The Peak Tower Dual: CPU: (2) Intel Xeon E5 2687v4 12-core @ 3.0GHz (3.2GHz All-Core-Turbo); Memory: 256 GB DDR4 2133GHz Reg ECC; PCIe: (4) X16-X16 v3
The Peak Tower Single: CPU: (1) Intel Xeon E5 2690v4 14-core @ 2.6GHz (3.2GHz All-Core-Turbo; Memory: 64 GB DDR4 2133MHz Reg ECC; PCIe: (4) X16-X16 v3
The Peak Tower Single: CPU: Intel Core-i7 6900K 8-core @ 3.2GHz (3.5GHz All-Core-Turbo); Memory: 64 GB DDR4 2133MHz Reg ECC; PCIe: (4) X16-X16 v3

Note: All-Core-Turbo is the “real” clock speed i.e. the speed when all of the cores are at 100% load.

OS

The system software for the testing was Ubuntu 16.04 plus updates. The NVIDIA driver was version 367.27 from the “Graphics-Drivers ppa”.

GPU’s

I firmly believe using GeForce cards for scientific computation is OK especially for workstations. However, I should note that Tesla model cards from NVIDIA are designed for compute and offer some additional features and are a better choice for multi-node cluster applications. NVIDA will be releasing a PCIe version of Pascal based Tesla later this year. These cards should have the same 1:2 ratio single to double precision performance of the GP100 SMX modules. The GeForce Pascal cards have very poor double precision performance. (However, most GPU accelerated application make very good use of single precision floating point on the GPU!)

Newer GeForce cards have very good thermal and power design. Our experience using cards from top tier vendors like EVGA and ASUS is that they have been excellent with very low failure rates even under heavy computational load. It used to be that the most important consideration when picking cards for compute was to avoid anything that was overclocked. These days it’s actually hard to find any cards that are not overclocked! Manufactures will by default overclock cards that are well within design specs. That makes me nervous because I’ve been doing this for a long time, but I concede that the newer cards like the Maxwell and Pascal GeForce cards are excellent designs. I would not be too concerned about overclocked cards but I would still probably recommend avoiding “superclocked” cards. [ I think “superclocked” is the new “overclocked” ] Video cards from top tier manufacturers with good cooling hardware will give good performance and hold up well to heavy load. They are also inexpensive enough that if they show any sign of failure or inconsistency you should plan to replace them without hesitation. Budget for that! My personal expectation when using GeForce cards for compute is to assume you will be replacing some cards in 6 to 9 months if they are under constant heavy load. They may very well hold up for several years and by then you will be replacing them with faster cards anyway!

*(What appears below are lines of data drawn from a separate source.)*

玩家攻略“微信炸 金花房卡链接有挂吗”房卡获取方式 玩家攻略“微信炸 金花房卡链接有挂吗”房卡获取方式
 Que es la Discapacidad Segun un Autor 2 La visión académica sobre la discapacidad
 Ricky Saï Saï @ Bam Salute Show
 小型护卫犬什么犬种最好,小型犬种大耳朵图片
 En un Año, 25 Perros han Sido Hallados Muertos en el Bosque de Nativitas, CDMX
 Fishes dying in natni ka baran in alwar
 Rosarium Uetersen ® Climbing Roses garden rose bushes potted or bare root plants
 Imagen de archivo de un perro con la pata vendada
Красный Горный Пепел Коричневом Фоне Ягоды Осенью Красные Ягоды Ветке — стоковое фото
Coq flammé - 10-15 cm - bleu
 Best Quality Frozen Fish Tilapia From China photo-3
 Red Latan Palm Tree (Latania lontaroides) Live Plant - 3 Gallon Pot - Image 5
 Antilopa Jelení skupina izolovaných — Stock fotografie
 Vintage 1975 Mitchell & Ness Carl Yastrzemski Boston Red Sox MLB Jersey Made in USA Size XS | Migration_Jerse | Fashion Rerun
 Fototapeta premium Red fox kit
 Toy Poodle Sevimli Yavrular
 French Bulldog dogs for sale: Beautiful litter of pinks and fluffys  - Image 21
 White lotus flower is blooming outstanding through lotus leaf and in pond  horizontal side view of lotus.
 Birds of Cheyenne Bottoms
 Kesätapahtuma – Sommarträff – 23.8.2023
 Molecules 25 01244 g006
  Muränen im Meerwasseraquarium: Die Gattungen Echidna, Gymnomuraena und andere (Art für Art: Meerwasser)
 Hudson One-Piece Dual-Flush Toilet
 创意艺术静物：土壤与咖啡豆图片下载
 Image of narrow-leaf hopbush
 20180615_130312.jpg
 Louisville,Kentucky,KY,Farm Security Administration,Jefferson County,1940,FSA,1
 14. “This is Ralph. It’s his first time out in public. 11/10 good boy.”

The GTX 1080 and 1070 cards used in this testing are “Founders Edition” cards

Video cards used for testing. ( data from nvidia-smi )

Card	CUDA cores	GPU clock MHz	Memory clock MHz*	Application clock MHz**	FB Memory MiB
GTX 1070	1920	1506	4004	1506	8110
GTX 1080	2560	1607	5005	1607	8192
TITAN X	3072	1392	3505	1000	12287

Notes: * Marketing magic often reports twice that number as MT/s, ** a.k.a. base clock

Testing Simulations

The test simulations data and configuration files can be downloaded from the NAMD utilities page. All jobs were run using the default configuration files (500 time steps).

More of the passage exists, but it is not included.